We have seen a thread deadlock issue in ModelBase when using a TaskCompletionSource inside the callback of an AsyncEventingBasicConsumer and wondered if anyone could provide some insight / guidance on the best way of working with threads / async in this scenario.
The code in question was for an RPC client. The code would declare a temporary queue for the response, create an AsyncEventingBasicConsumerfor that queue, send the request and then wait for the expected number of replies to arrive. To do this it declares a TaskCompletionSource with TaskCreationOptions.RunContinuationsAsynchronously and inside the AsyncEventingBasicConsumer's callback it calls SetResult(null) when the expected number of replies has arrived.
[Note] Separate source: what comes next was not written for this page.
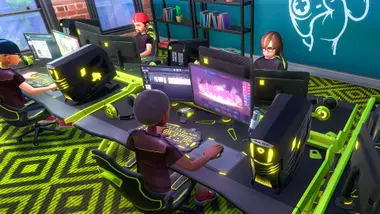 Esports Life Tycoon preview 8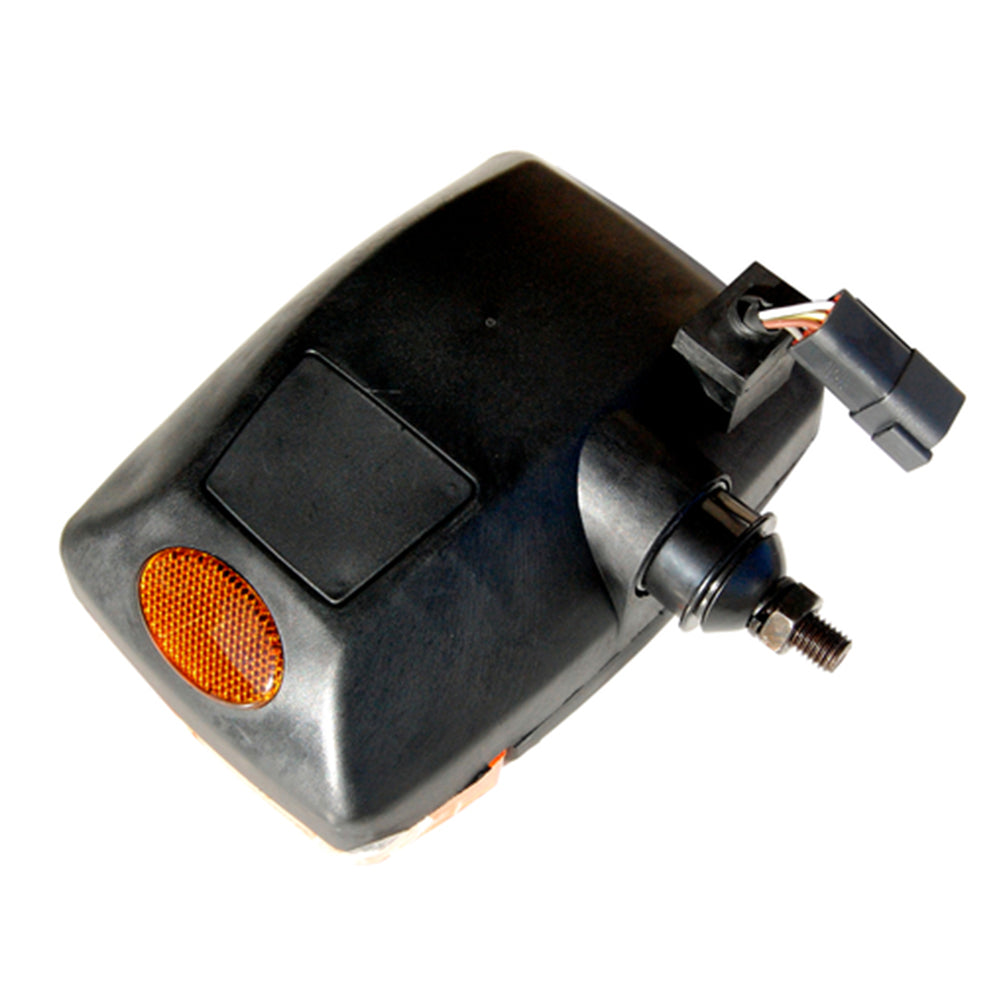 11170059 Left Head Light – Fits Volvo – additional image 2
var completionSource = new TaskCompletionSource(TaskCreationOptions.RunContinuationsAsynchronously);
consumer.Received += (source, deliveryArgs) => {
//Process the message(s)
//When we have received the expected number of replies complete the task
completionSource.SetResult(null)
};
After sending the request we then await the TCS.
await Task.WhenAny(
completionSource.Task,
Task.Delay(timeout)
);
Shortly thereafter we cancel the consumer and close the channel by calling Close() on IModel.
On the vast majority of environments the general flow is:
1. Thread X creates the TCS and sends the request message.
2. The RabbitMQ background thread receives the reply(s) and calls SetResult(null) on the TCS.
3. Thread Y then calls Close() on IModel.
However, on some environments what we see is this:
1. Thread X creates the TCS and sends the request message.
2. The RabbitMQ background thread receives the reply(s) and calls SetResult(null) on the TCS.
3. The RabbitMQ background thread then calls Close() on IModel resulting in a thread deadlock.
The thread deadlock is caused by the fact that ModelBase.Close method causes the calling thread to be blocked until the channel.close-ok reply comes back from the server, and because the calling thread is now the RabbitMQ background thread that reply is not processed and the call to BlockingCell.GetValue() times out. This happens every time on these environments.
We managed to resolve the issue by removing the TCS and replacing it with thread signaling using SemaphoreSlim.
My question is whether this is a common gotcha, and are there any general guidelines on working with threads/tasks inside an AsyncEventingBasicConsumer's callback?
Thanks,
Mark